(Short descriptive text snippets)
[Start of section]

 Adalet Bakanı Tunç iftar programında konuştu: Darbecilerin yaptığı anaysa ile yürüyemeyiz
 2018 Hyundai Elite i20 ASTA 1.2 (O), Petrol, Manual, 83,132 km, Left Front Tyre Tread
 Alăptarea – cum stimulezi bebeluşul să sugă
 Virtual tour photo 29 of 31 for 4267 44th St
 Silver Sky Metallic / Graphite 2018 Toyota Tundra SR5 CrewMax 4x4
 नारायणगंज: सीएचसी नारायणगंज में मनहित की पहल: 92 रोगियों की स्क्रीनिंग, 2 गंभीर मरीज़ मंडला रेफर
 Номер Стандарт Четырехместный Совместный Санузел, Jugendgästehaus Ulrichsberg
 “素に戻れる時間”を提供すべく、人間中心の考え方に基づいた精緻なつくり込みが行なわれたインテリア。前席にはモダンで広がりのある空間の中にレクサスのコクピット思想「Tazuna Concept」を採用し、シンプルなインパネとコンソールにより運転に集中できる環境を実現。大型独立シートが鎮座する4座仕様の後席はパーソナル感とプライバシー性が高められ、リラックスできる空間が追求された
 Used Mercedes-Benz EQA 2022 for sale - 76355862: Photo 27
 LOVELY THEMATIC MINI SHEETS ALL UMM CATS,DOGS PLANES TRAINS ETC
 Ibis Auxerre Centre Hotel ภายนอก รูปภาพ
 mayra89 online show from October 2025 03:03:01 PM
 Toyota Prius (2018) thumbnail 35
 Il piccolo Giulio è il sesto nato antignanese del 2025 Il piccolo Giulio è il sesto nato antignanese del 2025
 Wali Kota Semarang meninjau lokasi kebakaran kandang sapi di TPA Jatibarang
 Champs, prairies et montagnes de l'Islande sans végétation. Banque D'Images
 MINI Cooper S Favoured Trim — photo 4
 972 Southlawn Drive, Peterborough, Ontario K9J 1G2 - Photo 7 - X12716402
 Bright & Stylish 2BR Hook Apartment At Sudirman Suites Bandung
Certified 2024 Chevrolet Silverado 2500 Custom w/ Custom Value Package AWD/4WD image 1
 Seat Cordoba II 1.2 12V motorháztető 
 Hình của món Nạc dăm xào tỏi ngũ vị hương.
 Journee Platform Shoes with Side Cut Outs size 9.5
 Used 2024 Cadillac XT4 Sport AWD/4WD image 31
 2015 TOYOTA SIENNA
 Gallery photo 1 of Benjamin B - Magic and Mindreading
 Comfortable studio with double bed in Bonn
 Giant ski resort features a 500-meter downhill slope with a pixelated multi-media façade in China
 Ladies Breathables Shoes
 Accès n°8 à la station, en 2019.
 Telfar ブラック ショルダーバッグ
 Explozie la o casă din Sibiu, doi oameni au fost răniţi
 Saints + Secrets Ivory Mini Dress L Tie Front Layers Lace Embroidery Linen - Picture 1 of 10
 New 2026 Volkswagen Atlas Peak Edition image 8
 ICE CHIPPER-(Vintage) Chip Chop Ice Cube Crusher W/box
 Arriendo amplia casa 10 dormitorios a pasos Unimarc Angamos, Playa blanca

[End of section]

The lines above from the one with "Journee Platform Shoes" through the one with "Giant ski resort" are to be duplicated exactly, ends included, with nothing added.

 Journee Platform Shoes with Side Cut Outs size 9.5
 Used 2024 Cadillac XT4 Sport AWD/4WD image 31
 2015 TOYOTA SIENNA
 Gallery photo 1 of Benjamin B - Magic and Mindreading
 Comfortable studio with double bed in Bonn
 Giant ski resort features a 500-meter downhill slope with a pixelated multi-media façade in China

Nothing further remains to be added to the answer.